Computation of the r.h.s.¶
In the profile above, one can also see the steps involved in
calculating the r.h.s. – essentially, terms from the physical
equations are added up one after the other. These involve z and v
derivatives (dzv_ak), hyperdiffusion (hyp_zv), various terms
involving x and y derivatives (dfdxy (doesn’t show up separately),
dchidxy, dgdxy), and then finally the nonlinear terms
(add_nl).
One can see that while CalcFRhs0 if taken inclusively is where the
majority of time is spent, it calls a number of other functions each
of which take somewhat comparable amounts of time, so there is no one
function that dominates the overall behavior.

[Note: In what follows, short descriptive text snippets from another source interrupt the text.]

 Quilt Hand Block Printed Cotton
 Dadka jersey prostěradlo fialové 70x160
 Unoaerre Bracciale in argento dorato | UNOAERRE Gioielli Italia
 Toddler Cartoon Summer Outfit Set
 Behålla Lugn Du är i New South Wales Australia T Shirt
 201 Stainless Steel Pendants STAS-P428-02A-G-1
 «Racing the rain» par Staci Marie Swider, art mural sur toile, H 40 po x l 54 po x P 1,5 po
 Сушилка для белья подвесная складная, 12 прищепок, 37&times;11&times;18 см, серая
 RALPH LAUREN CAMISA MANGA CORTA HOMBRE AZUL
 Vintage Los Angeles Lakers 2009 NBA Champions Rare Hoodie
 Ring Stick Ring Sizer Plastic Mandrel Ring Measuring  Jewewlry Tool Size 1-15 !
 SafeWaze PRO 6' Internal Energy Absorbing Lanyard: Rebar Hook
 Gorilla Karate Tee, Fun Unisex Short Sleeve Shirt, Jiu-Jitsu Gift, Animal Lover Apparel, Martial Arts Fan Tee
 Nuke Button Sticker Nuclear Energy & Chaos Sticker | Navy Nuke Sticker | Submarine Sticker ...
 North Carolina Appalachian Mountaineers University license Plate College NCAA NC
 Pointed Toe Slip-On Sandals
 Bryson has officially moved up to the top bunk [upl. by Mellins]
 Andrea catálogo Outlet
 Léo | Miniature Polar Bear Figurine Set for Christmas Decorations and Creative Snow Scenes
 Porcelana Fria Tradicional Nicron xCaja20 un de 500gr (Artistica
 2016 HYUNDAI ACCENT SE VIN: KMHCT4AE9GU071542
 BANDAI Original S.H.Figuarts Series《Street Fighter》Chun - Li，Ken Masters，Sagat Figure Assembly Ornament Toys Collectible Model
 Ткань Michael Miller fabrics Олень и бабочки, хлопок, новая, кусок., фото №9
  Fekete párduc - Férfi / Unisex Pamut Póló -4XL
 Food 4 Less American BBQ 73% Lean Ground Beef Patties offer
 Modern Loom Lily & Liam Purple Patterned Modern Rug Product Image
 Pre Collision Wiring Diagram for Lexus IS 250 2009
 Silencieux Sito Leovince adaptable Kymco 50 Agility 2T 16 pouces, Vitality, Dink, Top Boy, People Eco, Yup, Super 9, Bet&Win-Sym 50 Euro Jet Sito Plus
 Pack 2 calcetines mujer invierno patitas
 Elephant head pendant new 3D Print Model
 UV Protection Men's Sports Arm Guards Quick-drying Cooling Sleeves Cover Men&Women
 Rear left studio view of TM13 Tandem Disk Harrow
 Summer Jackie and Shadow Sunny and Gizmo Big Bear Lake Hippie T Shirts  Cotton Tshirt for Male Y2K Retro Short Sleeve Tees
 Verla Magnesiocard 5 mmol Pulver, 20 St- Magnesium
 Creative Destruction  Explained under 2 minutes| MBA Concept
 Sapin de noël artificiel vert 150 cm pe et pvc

The call chain doesn’t end here, functions like dchidxy are often
further subdivided into a few actual computational kernels (typically
I’d say about two or so).
The actual kernels are for the most part stencil computations – to show an example of a pretty large one:
do concurrent(n=bl(6):bu(6),&
m=bl(5):bu(5), l=bl(4):bu(4), &
k=bl(3):bu(3), j=bl(2):bu(2) )
b(i1:i2,j,k,l,m,n) = &
sten(i1:i2, 1,k,l,m,n)*a(i1:i2,j,k ,l-2,m,n) + &
sten(i1:i2, 2,k,l,m,n)*a(i1:i2,j,k-1,l-1,m,n) + &
sten(i1:i2, 3,k,l,m,n)*a(i1:i2,j,k ,l-1,m,n) + &
sten(i1:i2, 4,k,l,m,n)*a(i1:i2,j,k+1,l-1,m,n) + &
sten(i1:i2, 5,k,l,m,n)*a(i1:i2,j,k-2,l ,m,n) + &
sten(i1:i2, 6,k,l,m,n)*a(i1:i2,j,k-1,l ,m,n) + &
sten(i1:i2, 7,k,l,m,n)*a(i1:i2,j,k ,l ,m,n) + &
sten(i1:i2, 8,k,l,m,n)*a(i1:i2,j,k+1,l ,m,n) + &
sten(i1:i2, 9,k,l,m,n)*a(i1:i2,j,k+2,l ,m,n) + &
sten(i1:i2,10,k,l,m,n)*a(i1:i2,j,k-1,l+1,m,n) + &
sten(i1:i2,11,k,l,m,n)*a(i1:i2,j,k ,l+1,m,n) + &
sten(i1:i2,12,k,l,m,n)*a(i1:i2,j,k+1,l+1,m,n) + &
sten(i1:i2,13,k,l,m,n)*a(i1:i2,j,k ,l+2,m,n)
end do
The nonlinearity calculation is a bit different in that it involves FFTs into real space, then a number of stencil computations, then FFTs back. It consists of more kernels (maybe ~8) than the remaining terms, and the FFTs, so that’s why it shows up as slower.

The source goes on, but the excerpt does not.